CT scan of the abdomen and pelvis showing small bowel diverticula with inflammation and stranding consistent with uncomplicated diverticulitis.
He presented again on Day 9 with 1 day of recurrent abdominal pain. His abdomen was distended with focal tenderness centrally. Vital signs were normal. White blood cell count was 12.9 × 109/L. Repeat imaging reported multiple inflamed jejunoileal diverticula. There was no free fluid, gas or abscess. He was admitted to hospital for bowel rest and a second course of intravenous antibiotics. On Day 10, he became severely distended with peritonitis. His white blood cell count increased to 22.9 × 109/L. He underwent emergent operative exploration for possible perforated jejunoileal diverticulitis.
Upon entry, numerous, sizable, jejunoileal diverticula were encountered. There was hemorrhagic ascites with no pus or bowel content. There was clockwise volvulus of the proximal ileum, with early signs of vascular compromise. Counterclockwise detorsion was immediately performed. After inspection, congenital malrotation was noted—the duodenojejunal flexure was right-sided, entering the intraperitoneal space just medial to the cecum (Fig. 2). There were right-sided cecal adhesions to the retroperitoneum (Ladd’s bands) and other congenital adhesions from the omentum to the bowel and abdominal wall.
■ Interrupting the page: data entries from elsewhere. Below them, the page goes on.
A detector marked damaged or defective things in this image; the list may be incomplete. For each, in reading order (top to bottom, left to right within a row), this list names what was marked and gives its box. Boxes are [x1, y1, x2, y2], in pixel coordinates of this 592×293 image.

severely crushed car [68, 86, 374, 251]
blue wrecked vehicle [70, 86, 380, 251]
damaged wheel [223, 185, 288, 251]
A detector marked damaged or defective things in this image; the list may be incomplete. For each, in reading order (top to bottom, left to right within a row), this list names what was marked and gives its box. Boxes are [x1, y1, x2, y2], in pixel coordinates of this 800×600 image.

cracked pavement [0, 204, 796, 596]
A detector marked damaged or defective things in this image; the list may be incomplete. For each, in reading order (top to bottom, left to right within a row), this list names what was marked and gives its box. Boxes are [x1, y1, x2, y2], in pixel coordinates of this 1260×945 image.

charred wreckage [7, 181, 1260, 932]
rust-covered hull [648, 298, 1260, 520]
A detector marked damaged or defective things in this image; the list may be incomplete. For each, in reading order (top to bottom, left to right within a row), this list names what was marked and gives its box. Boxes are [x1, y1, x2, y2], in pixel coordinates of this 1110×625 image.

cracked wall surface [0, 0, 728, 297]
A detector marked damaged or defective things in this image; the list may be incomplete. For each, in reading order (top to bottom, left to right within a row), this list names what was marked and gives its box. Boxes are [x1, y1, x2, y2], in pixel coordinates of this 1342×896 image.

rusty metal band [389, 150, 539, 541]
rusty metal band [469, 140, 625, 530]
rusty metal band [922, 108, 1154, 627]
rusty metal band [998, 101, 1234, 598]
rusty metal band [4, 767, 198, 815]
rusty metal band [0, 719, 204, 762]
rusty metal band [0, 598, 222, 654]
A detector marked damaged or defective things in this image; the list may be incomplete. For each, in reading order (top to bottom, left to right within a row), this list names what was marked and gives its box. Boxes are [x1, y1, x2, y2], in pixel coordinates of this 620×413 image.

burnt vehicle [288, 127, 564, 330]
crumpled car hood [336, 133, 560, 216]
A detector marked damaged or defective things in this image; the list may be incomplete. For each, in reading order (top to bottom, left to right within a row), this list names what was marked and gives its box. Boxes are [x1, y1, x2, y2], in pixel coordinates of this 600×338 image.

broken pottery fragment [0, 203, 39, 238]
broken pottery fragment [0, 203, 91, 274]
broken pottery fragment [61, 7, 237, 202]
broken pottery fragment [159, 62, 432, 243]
Intraoperative photograph demonstrating: (i) the duodenojejunal flexure entering the intraabdominal space deep to the ileocecal mesentery, on the right side of the abdomen (ii) volvulus of the jejunum around its mesentery (iii) terminal ileum coursing superior to the volvulized jejunum.
Most of the small bowel contained diverticulosis, sparing the proximal jejunum (50 cm) and distal ileum (50 cm) (Fig. 3). There was no primary diverticular inflammation, only secondary inflammation from volvulus. There was no inter-loop purulence to indicate perforation. Manual pressurization of all small bowels underwater revealed no air leak. A modified Ladd’s procedure (without appendectomy) was performed. The Ladd’s bands and all other congenital adhesions were lysed, medializing the cecum. At the conclusion of the operation, the cecum was in a left midline position, and the small bowel mesentery was lengthened and detorted. All small bowels were viable.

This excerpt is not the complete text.